When I tried grabbing the commandline arguments from the spawned process and removing the fd based devices from the config, it seems to not crash (although also I didn’t get a console).

I then built Incus 6.17 from source in the VM to see whether the crash was fixed in a newer release, but the crash still happens.

I’m not really sure how to proceed here.

@stgraber do you have pointers for me on how to approach debugging this further, and possibly an estimation how difficult this will likely become? If it’s likely to lead to no success, it would also be an option for me to give up on Hyper-V + nesting and use a real test system, although it will be more inconvenient.

It’s almost certainly some interaction with HyperV.

Incus assumes most of the VM through QMP, using CPU hotplug, memory hotplug and PCI hotplug to put the whole config together.

So you can’t really just take the Incus QEMU command and run it by hand as that will have maybe 10% of the actual configuration.

Your best bet is to get to run Incus from source so you can modify the logic by hand, but if the issue is with how Hyper-V does things, we’re not very likely to change Incus’ behavior just for that.

@stgraber Thank you very much for getting back to me :slight_smile:

Compiling from source on Debian, and experimenting with commenting out devices etc unfortunately didn’t lead me to much.
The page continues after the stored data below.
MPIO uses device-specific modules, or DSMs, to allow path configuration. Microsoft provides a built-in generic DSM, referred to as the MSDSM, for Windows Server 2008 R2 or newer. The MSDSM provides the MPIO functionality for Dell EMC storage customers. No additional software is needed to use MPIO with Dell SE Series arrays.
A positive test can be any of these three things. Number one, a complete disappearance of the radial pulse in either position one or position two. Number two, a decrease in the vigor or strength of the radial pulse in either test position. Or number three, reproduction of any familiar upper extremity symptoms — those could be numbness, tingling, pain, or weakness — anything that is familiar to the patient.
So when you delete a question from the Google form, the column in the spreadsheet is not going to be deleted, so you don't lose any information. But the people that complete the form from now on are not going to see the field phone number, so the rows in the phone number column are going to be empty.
I’ve then tried running a nested VM like above on Arch Linux and Ubuntu 25.10 and it also failed, giving me a kvm_amd error like on NixOS and Debian, hitting the same assertion.

Since Arch is also a rolling release distribution with the latest packages, openSUSE having newer packages doesn’t seem to be the cause why it runs there.
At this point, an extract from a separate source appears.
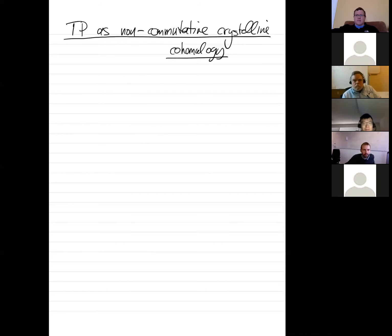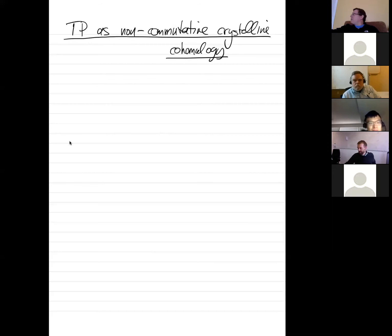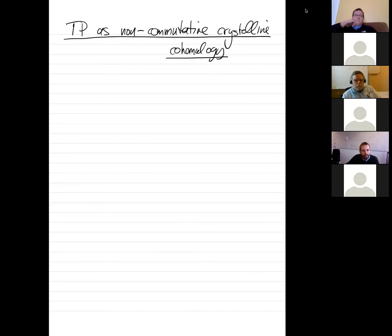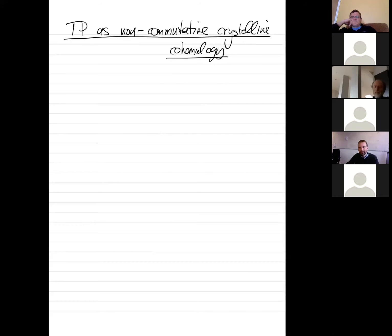All right, can everyone see my screen? Yeah, we can see your screen and we can hear you. Perfect. Thanks very much for giving me the opportunity to speak here. It's my first talk in an online seminar, so I hope I handle the technology fine. What I'm going to talk about is topological periodic homology.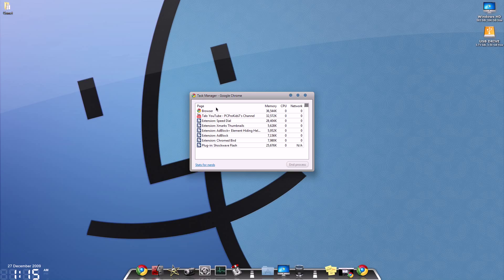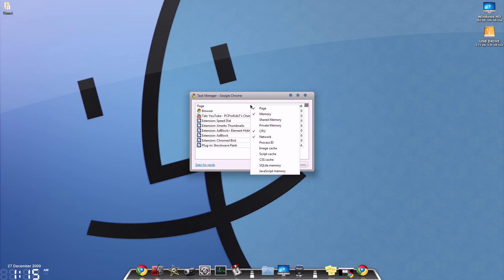You can see we have page, memory, CPU, and network. We can even add even more columns by right-clicking and then selecting one of these options here.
I then looked into whether something is special about openSUSE Tumbleweed, and it seems like openSUSE is maintaining their own QEMU repository with some extra patches applied (difference to qemu repo).

Unfortunately I didn’t get vanilla QEMU to compile and install properly on openSUSE, Incus complained about missing Firmware, so I can’t confirm whether that’s the actual reason.

Would you recommend opening an issue with QEMU for this?